L’impératif de réduction du déficit, même avec un accord de Bruxelles pour repousser à 2015 le respect d’un déficit de 3%, devrait se solder l’an prochain par un effort de réduction des dépenses de l’ordre de 7.5 milliards d’euros. Eu égard à des prévisions de croissance de plus en plus faibles (et très loin des 2.5% par an sur lesquels se basait le candidat Hollande pour financer ses promesses), il s’agit en effet de baisser les dépenses en euros constants. Même si la baisse sera surtout symbolique et donc très limitée (on parle de 1.5 milliards d’euros), elle suppose de compenser la dérive mécanique due par exemple aux promotions par ancienneté ou à l’augmentation du nombre de retraités de la fonction publique. Au delà de l’importance de l’électorat de gauche chez les fonctionnaires ou du poids des promesses électorales, la pilule sera très difficile à faire passer car es efforts précédents ne permettent plus guère d’envisager des économies sans réelle remise en cause organisationnelle.
Le Monde du 10 mai avance que la Commission européenne s’apprête à demander à la France un effort sur trois points : les retraites, le coût du travail, la libéralisation de l’économie (et notamment celle des transports et de l’énergie), y compris le droit du travail et en particulier celui du licenciement. Le nouveau patron de la CGT, Thierry le Paon, a déjà réagi négativement à ces demandes.
Sur les retraites, les marges de manœuvre à court terme sont assez limitées puisque les réformes précédentes (Sarkozy 2010 et Hollande 2012) ont fixé les âges de départ et le nombre de trimestres requis pour les salariés nés avant 1956 : un changement des règles pour les salariés nés à partir de 1956 est probable mais il n’aura pas d’effet avant 2018 (puisque la retraite est à 62 ans), sauf à remettre en cause les spécificités pour ceux qui ont démarré avant 20 ans, spécificités définies par Hollande il y a moins d’un an !
Il est possible de réduire le niveau des pensions (et au moins de ne pas les revaloriser de l’inflation. On peut aussi augmenter les cotisations (la réforme Hollande pour ceux qui ont commencé entre 18 et 20 ans est financé par une hausse de 0.1% du salaire brut des cotisations salariales comme patronales), mais cela va à l’encontre d’une autre demande de Bruxelles, qui est de baisser le coût du travail. Augmenter le nombre de trimestres à cotiser pour ceux qui partiront d’ici 2017 sera extrêmement difficile (avec notamment le risque de trouver une nouvelle fois des chômeurs ayant accepté un licenciement ou une rupture conventionnelle sur la base des informations disponibles et se trouvant en fin de droits avant de pouvoir faire valoir leurs droits à la retraite).
On sait comment baisser le coût du travail : transférer le financement des allocations familiales à l’Etat et à l’impôt, en l’occurrence une hausse de TVA. Au passage, le plafonnement des allocations familiales selon le revenu est plus cohérent si ces allocations sont payées par l’impôt que si elles le sont par les cotisations sur les salaires.
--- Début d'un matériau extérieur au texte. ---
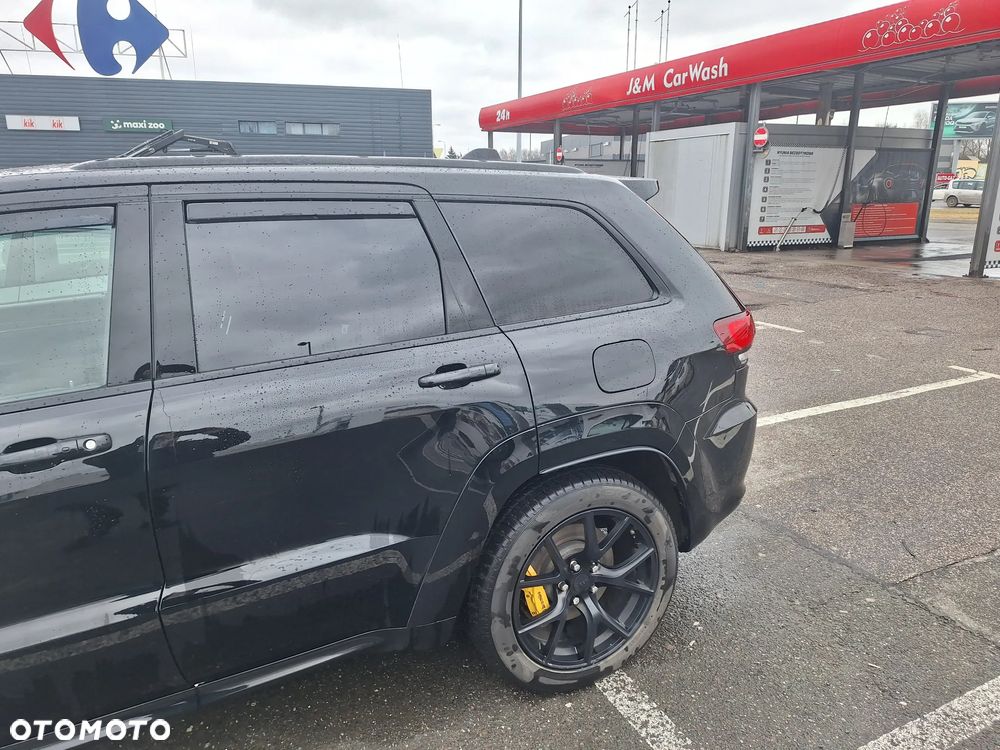 Jeep Grand Cherokee - 8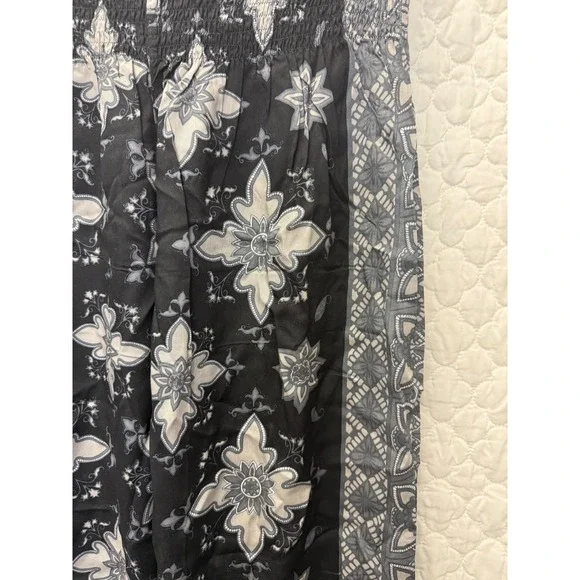 NWOT Lotus and Luna Black and Gray Floral Pants - Picture 3 of 10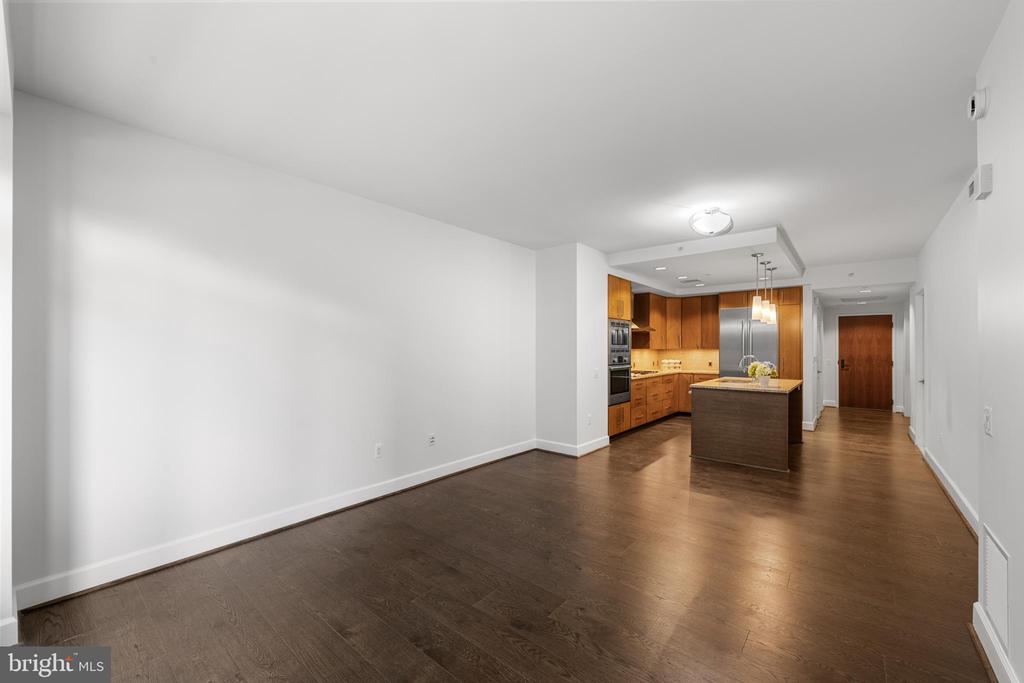7171 WOODMONT AVENUE 205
Mais c’est justement ce que la gauche à condamné encore récemment.
Sur le droit de licenciement, dont la lourdeur explique la multiplication des CDD, je souhaite bien du plaisir à Michel Sapin pour faire accepter une réforme libérale à ses amis socialistes !
En raison de la situation économique, le gouvernement est dos au mur pour faire des réformes que la droite n’a pas faites (à l’exception très importante de celle des retraites) mais qui vont à l’encontre des idées dominantes dans la gauche française (au contraire d’autres partis de gauche européens).
Dominantes mais pas forcément unanimement partagées comme le montrent deux exemples personnels.
Le premier est celui d’un ancien membre des cabinets socialistes d’avant 2000, toujours au PS et qui m’affirmait quelques mois avant l’élection présidentielle que les cercles économistes autour du candidat, qu’il fréquentait assidument, appuyaient pour la politique qui se profile aujourd’hui.
Le second est celui d’un de mes anciens collègues, également encarté au PS et actif au sein de Terra Nova, qui m’expliquait il y a deux ou trois anas que la situation des comptes publics allait obligé les collectivités à tous les niveaux à renoncer à tout ce qui n’était pas obligatoire. Cet ancien consultant est aujourd’hui à Matignon dans l’équipe chargée de la réforme de l’Etat…
Dans une telle perspective, le gouvernement n’a pas intérêt à faire de cadeaux à ses alliés, que ce soit sur l’amnistie dite sociale ou la fermeture de Fessenheim.